-- Working data follows --
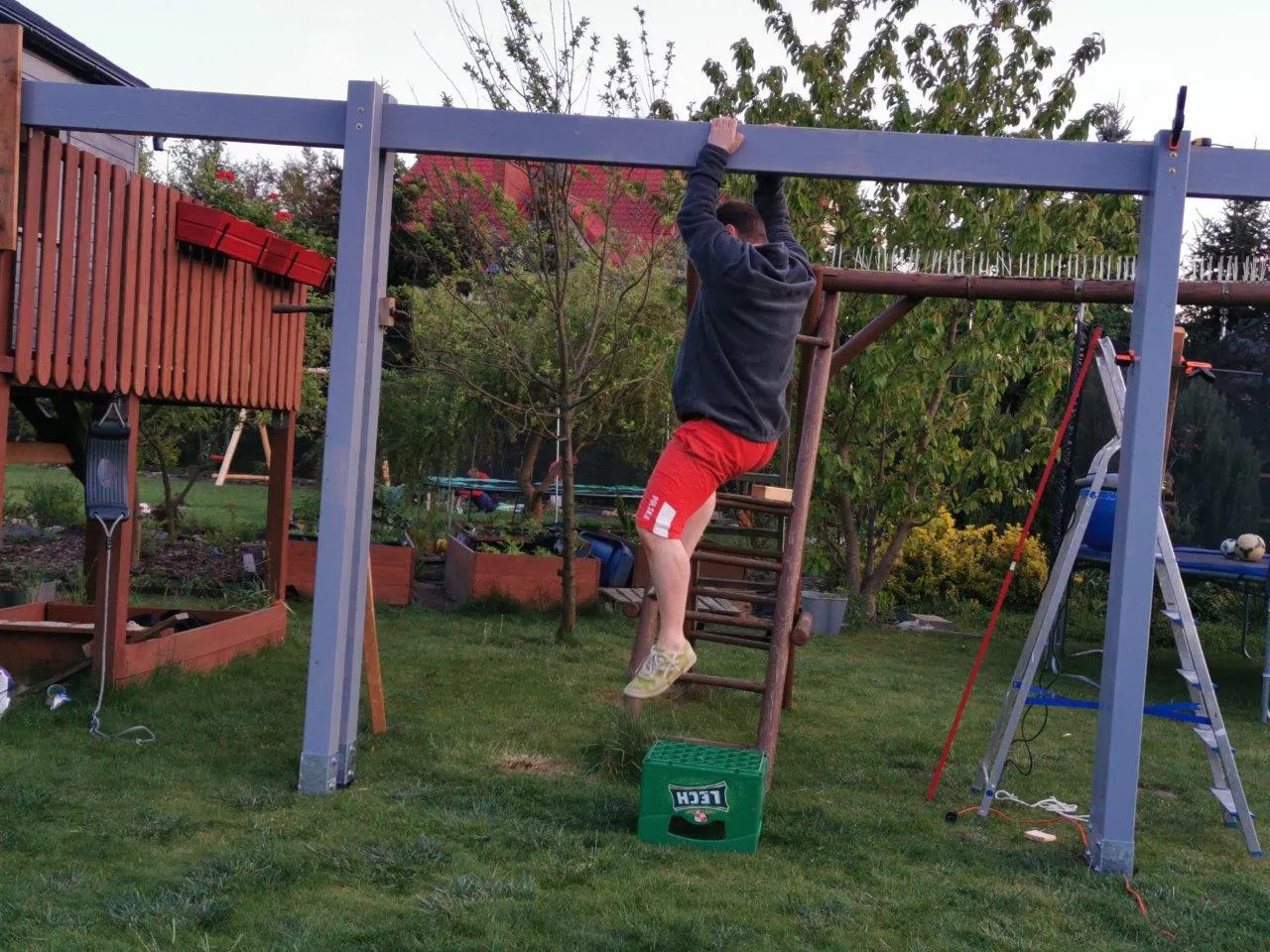 Kotwienie placu zabaw do gruntu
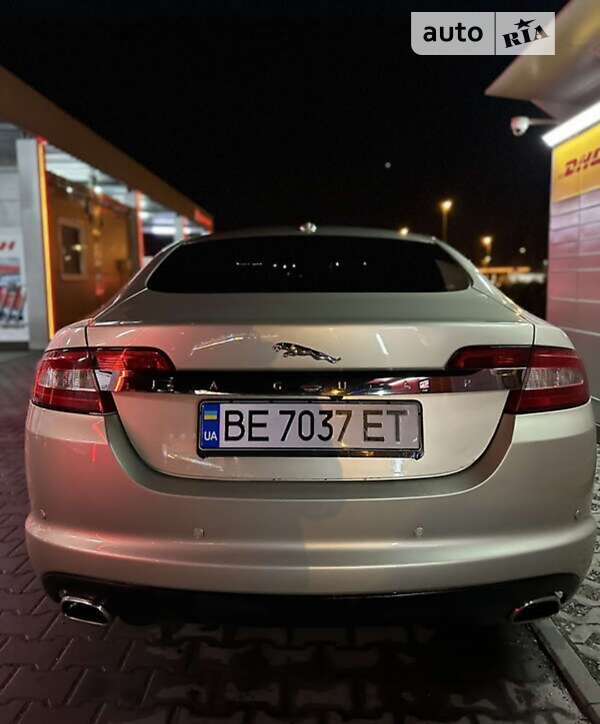 Седан Jaguar XF 2008 в Виннице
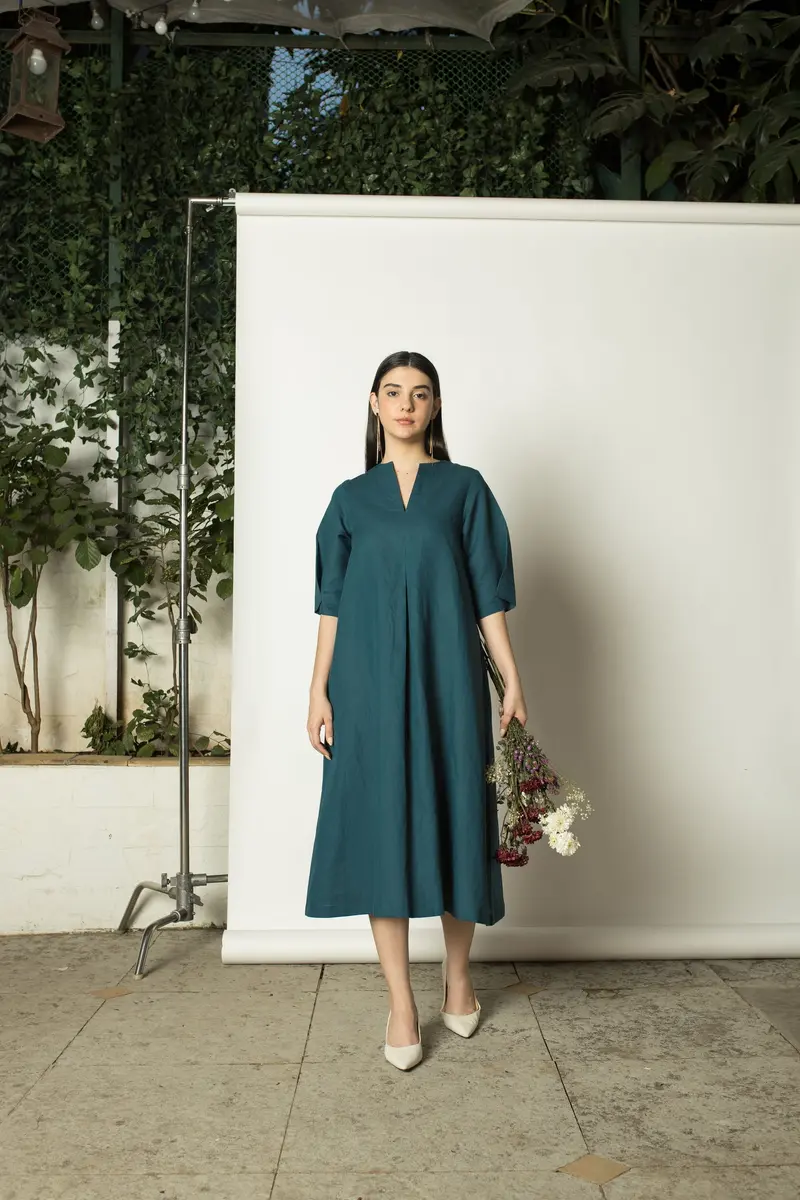 Green Solid A Line Maxi Dress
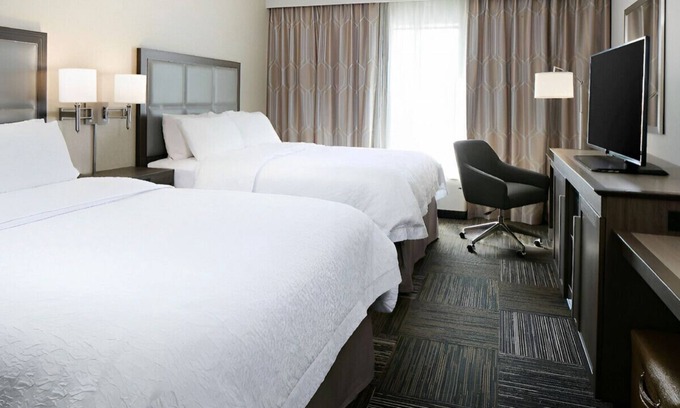 Mason City Casa | Awesome Queen Room for a Group Vacation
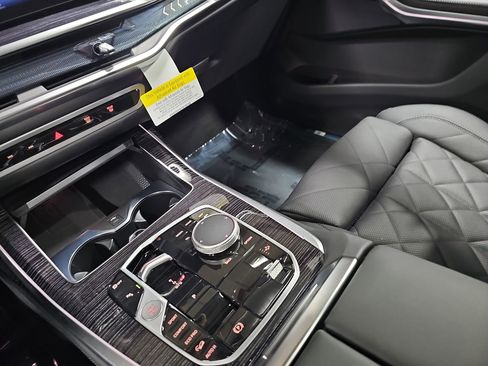 New 2026 BMW X7 xDrive40i w/ M Sport Package image 27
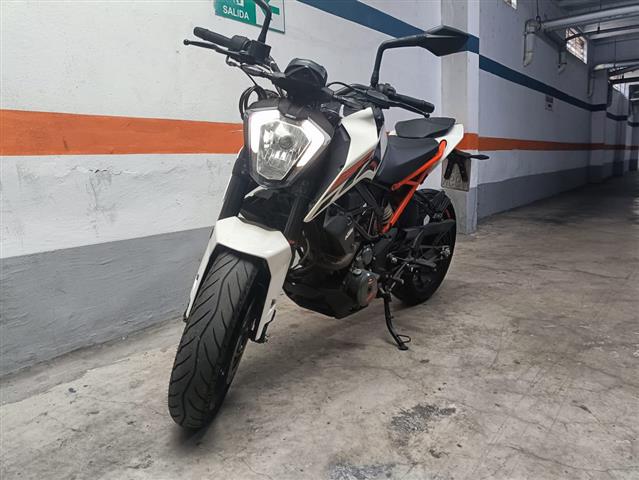 $4500 : Moto KTM Duke 250 image 2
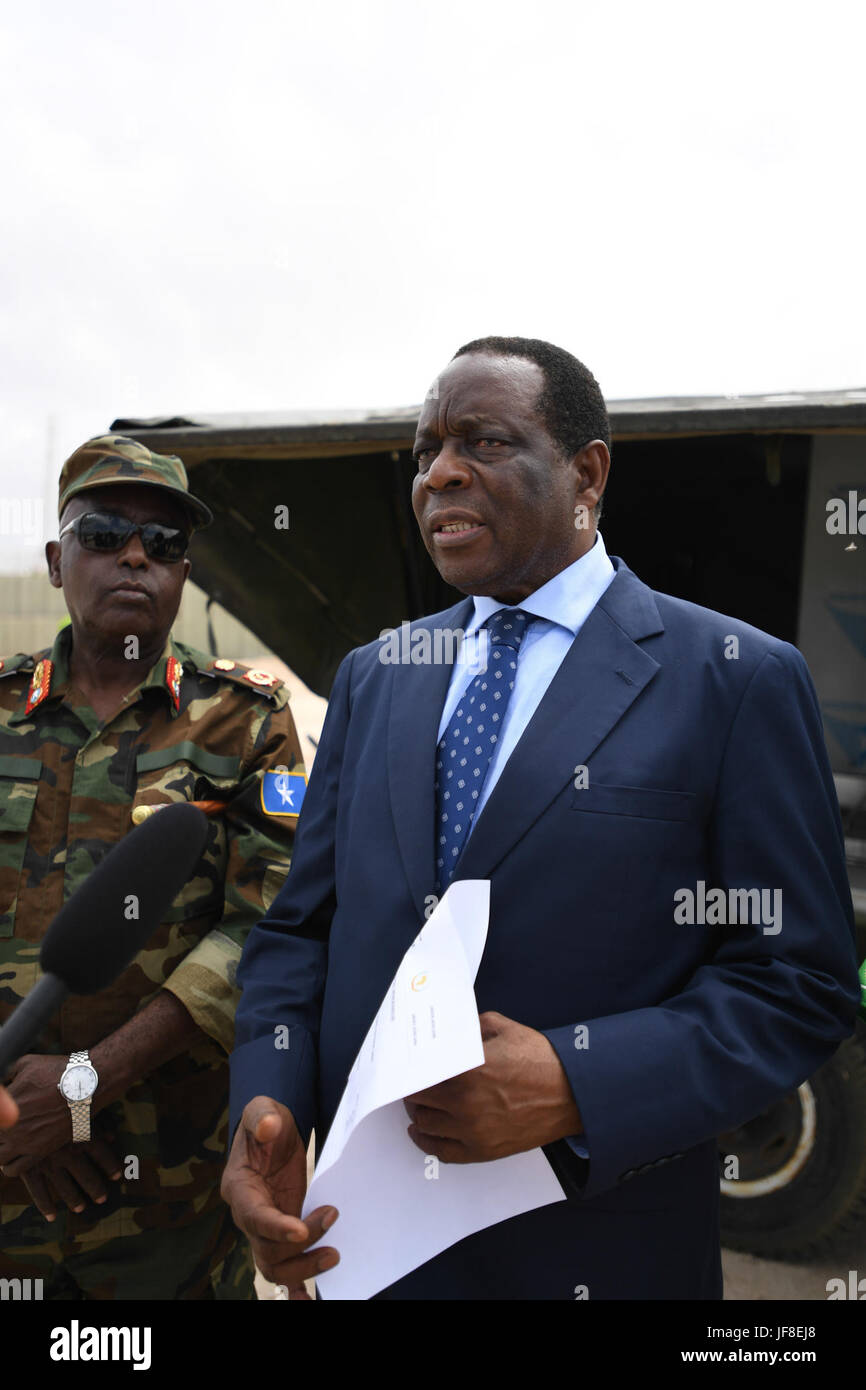 L'ambassadeur Francisco Madeira (à droite), le Représentant spécial du Président de la Commission de l'Union africaine (SRCC) pour la Somalie et le général Mohamed Ahmed Jimaale (à gauche), le chef des Forces de défense de la Somalie au cours d'une cérémonie à Mogadishu, Somalie de remettre l'équipement à l'armée nationale en Somalie le 25 mai 2017. L'AMISOM Photo / Omar Abdisalan Banque D'Images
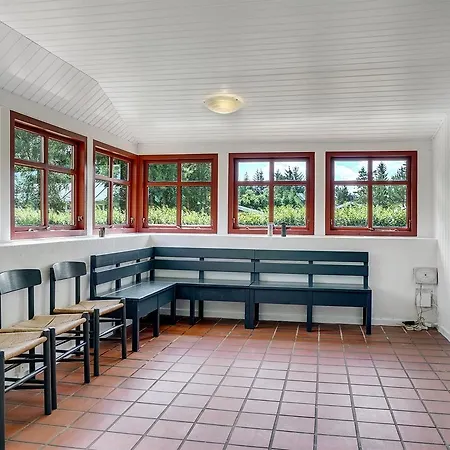 Six-bedroom Holiday In *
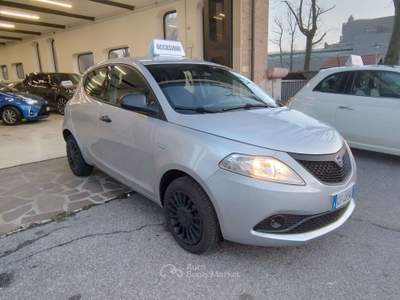 Lancia Ypsilon 1.0 Mild-hyb. Silver - *GARANZIA 12 MESI - 5 POSTI Argento usata Nova Milanese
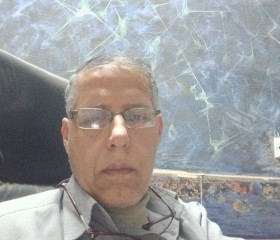 Wa, 49, Cairo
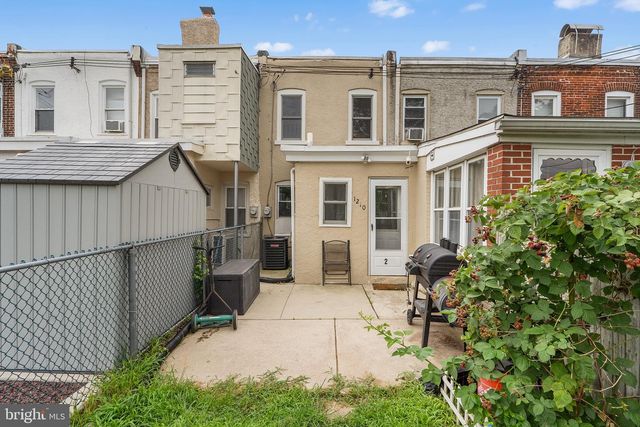 1210 E 11TH ST, Crum Lynne, PA 19022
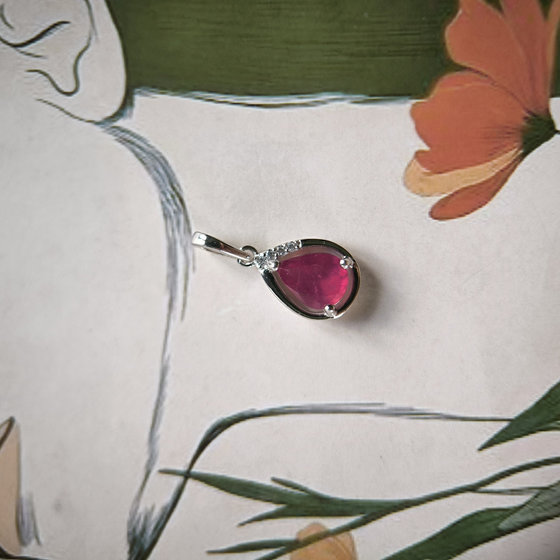 Серебряная подвеска с рубином 1.416ct, фианитами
-- Working data concluded --
■ Work instructions ■
Would you set down the records above once more, exactly, with the pictures removed?

■ Problem solution ■
 Kotwienie placu zabaw do gruntu
 Седан Jaguar XF 2008 в Виннице
 Green Solid A Line Maxi Dress
 Mason City Casa | Awesome Queen Room for a Group Vacation
 New 2026 BMW X7 xDrive40i w/ M Sport Package image 27
 $4500 : Moto KTM Duke 250 image 2
 L'ambassadeur Francisco Madeira (à droite), le Représentant spécial du Président de la Commission de l'Union africaine (SRCC) pour la Somalie et le général Mohamed Ahmed Jimaale (à gauche), le chef des Forces de défense de la Somalie au cours d'une cérémonie à Mogadishu, Somalie de remettre l'équipement à l'armée nationale en Somalie le 25 mai 2017. L'AMISOM Photo / Omar Abdisalan Banque D'Images
 Six-bedroom Holiday In *
 Lancia Ypsilon 1.0 Mild-hyb. Silver - *GARANZIA 12 MESI - 5 POSTI Argento usata Nova Milanese
 Wa, 49, Cairo
 1210 E 11TH ST, Crum Lynne, PA 19022
 Серебряная подвеска с рубином 1.416ct, фианитами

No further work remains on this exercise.